#### [To do]
Wherever "zdjęcie" turns up in the entries, copy out the line that holds it.

#### [Exercise data]
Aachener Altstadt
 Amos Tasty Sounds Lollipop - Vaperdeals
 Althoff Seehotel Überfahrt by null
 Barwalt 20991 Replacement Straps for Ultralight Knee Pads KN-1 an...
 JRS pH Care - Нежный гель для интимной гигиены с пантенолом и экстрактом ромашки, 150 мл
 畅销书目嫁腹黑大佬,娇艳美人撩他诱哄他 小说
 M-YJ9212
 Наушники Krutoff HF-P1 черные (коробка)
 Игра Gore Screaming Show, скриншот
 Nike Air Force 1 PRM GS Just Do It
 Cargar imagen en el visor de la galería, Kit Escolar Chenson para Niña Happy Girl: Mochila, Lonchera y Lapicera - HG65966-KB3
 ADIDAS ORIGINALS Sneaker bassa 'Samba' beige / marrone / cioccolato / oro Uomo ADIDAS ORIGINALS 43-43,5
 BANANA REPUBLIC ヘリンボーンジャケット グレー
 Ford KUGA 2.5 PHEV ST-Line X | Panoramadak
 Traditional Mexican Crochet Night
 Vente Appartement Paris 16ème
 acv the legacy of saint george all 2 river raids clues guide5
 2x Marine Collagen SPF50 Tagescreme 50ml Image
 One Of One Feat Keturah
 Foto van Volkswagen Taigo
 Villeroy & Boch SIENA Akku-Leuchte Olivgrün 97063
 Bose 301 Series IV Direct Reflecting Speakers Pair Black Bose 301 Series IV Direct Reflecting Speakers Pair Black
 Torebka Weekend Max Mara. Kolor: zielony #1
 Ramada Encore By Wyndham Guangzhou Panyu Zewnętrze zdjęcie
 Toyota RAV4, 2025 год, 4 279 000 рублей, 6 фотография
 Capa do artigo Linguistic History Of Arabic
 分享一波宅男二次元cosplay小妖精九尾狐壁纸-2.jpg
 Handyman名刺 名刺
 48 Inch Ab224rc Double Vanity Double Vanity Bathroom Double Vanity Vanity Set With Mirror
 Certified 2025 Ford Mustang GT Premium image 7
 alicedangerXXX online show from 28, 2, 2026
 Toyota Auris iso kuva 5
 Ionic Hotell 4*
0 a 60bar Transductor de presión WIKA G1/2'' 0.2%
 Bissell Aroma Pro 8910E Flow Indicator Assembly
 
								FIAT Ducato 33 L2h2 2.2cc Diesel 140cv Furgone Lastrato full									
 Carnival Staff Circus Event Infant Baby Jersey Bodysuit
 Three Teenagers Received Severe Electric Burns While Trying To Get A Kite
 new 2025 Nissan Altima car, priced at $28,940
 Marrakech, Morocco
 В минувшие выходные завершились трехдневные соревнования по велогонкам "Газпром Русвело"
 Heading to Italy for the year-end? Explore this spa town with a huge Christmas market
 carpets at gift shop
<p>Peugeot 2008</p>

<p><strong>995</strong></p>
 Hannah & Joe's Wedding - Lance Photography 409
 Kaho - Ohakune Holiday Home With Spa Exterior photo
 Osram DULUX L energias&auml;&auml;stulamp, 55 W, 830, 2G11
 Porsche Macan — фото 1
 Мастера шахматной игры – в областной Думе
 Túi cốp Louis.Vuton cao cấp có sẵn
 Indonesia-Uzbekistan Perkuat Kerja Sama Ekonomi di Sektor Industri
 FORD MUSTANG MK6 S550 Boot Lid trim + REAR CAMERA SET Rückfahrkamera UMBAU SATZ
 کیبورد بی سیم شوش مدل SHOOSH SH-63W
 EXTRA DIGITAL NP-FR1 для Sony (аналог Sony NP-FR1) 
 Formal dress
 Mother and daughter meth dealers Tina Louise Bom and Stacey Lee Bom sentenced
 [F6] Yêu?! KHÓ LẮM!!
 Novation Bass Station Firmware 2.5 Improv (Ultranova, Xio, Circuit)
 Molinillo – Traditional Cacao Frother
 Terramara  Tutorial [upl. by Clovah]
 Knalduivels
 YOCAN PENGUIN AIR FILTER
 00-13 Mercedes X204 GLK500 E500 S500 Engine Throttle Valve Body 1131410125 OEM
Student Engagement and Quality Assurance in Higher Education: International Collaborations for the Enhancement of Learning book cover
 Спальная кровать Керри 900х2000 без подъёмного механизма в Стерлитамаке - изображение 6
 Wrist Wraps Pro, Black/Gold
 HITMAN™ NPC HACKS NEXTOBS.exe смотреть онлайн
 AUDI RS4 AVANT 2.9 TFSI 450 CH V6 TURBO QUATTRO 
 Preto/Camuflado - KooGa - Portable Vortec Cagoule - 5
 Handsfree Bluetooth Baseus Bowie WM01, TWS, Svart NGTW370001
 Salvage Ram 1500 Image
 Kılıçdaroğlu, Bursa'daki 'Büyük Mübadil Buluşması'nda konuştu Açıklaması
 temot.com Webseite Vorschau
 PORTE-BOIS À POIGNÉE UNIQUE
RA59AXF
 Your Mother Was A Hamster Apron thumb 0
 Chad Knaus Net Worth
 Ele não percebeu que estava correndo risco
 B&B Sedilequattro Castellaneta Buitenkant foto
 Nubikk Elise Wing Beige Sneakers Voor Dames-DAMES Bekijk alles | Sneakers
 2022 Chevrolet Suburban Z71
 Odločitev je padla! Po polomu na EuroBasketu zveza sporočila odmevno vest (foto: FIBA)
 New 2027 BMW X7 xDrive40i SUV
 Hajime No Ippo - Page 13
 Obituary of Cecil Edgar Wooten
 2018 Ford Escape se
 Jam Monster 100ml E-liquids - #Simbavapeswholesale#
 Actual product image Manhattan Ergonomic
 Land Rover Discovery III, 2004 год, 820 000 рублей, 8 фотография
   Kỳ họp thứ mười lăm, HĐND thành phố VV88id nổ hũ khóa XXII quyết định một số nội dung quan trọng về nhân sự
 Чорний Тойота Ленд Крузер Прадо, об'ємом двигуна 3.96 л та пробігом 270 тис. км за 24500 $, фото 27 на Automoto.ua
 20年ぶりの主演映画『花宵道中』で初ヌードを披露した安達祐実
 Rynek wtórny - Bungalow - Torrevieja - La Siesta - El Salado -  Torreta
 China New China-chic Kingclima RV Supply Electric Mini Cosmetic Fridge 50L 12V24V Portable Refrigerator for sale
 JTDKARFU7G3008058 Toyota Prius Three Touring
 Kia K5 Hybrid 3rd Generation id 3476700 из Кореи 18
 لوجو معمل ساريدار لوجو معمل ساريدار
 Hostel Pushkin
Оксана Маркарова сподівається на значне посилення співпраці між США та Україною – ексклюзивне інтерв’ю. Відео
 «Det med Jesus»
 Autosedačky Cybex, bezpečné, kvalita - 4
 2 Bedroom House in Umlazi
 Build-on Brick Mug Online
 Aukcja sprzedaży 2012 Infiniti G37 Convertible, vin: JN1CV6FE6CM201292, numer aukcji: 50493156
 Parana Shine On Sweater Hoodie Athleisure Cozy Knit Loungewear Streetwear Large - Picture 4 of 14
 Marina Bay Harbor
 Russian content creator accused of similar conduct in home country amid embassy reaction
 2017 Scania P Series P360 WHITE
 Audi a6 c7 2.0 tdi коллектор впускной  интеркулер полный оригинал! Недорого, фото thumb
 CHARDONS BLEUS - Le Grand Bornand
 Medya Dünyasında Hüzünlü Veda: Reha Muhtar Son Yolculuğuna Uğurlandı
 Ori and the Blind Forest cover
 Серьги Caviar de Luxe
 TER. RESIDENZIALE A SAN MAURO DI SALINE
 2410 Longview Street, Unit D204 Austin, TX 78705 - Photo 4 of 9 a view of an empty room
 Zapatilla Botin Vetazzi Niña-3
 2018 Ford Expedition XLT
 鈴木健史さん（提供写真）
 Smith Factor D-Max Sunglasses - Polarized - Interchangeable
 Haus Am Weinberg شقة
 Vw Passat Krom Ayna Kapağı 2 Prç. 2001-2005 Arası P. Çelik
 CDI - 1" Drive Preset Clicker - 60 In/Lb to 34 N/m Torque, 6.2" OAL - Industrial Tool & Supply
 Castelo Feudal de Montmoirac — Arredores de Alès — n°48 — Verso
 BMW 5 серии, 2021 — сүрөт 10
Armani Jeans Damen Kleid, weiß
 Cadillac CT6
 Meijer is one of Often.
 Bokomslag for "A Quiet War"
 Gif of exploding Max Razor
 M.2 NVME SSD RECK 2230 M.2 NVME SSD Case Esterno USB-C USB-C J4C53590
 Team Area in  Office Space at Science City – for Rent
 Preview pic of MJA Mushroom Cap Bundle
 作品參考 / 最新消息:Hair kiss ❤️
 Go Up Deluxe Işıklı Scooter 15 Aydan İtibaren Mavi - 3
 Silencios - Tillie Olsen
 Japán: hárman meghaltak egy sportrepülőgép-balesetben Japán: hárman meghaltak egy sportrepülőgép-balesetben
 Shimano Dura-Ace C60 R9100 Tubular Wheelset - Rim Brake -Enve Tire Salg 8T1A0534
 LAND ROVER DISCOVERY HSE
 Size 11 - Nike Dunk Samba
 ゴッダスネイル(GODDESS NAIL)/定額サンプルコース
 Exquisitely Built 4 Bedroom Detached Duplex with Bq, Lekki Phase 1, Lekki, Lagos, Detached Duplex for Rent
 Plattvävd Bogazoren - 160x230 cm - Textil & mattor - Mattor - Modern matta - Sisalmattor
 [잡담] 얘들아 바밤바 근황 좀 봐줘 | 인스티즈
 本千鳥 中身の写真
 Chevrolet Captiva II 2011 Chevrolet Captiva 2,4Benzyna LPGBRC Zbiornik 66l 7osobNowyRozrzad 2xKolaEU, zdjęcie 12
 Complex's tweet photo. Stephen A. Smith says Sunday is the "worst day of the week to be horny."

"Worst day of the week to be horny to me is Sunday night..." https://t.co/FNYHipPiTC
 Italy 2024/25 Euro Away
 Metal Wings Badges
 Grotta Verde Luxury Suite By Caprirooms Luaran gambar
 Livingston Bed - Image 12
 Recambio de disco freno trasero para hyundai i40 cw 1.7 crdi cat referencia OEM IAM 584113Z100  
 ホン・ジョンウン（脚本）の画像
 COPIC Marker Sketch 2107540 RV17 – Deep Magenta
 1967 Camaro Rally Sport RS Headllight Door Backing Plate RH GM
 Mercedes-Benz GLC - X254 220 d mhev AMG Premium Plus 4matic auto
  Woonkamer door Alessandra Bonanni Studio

#### [Exercise solution]
 Ramada Encore By Wyndham Guangzhou Panyu Zewnętrze zdjęcie
 Chevrolet Captiva II 2011 Chevrolet Captiva 2,4Benzyna LPGBRC Zbiornik 66l 7osobNowyRozrzad 2xKolaEU, zdjęcie 12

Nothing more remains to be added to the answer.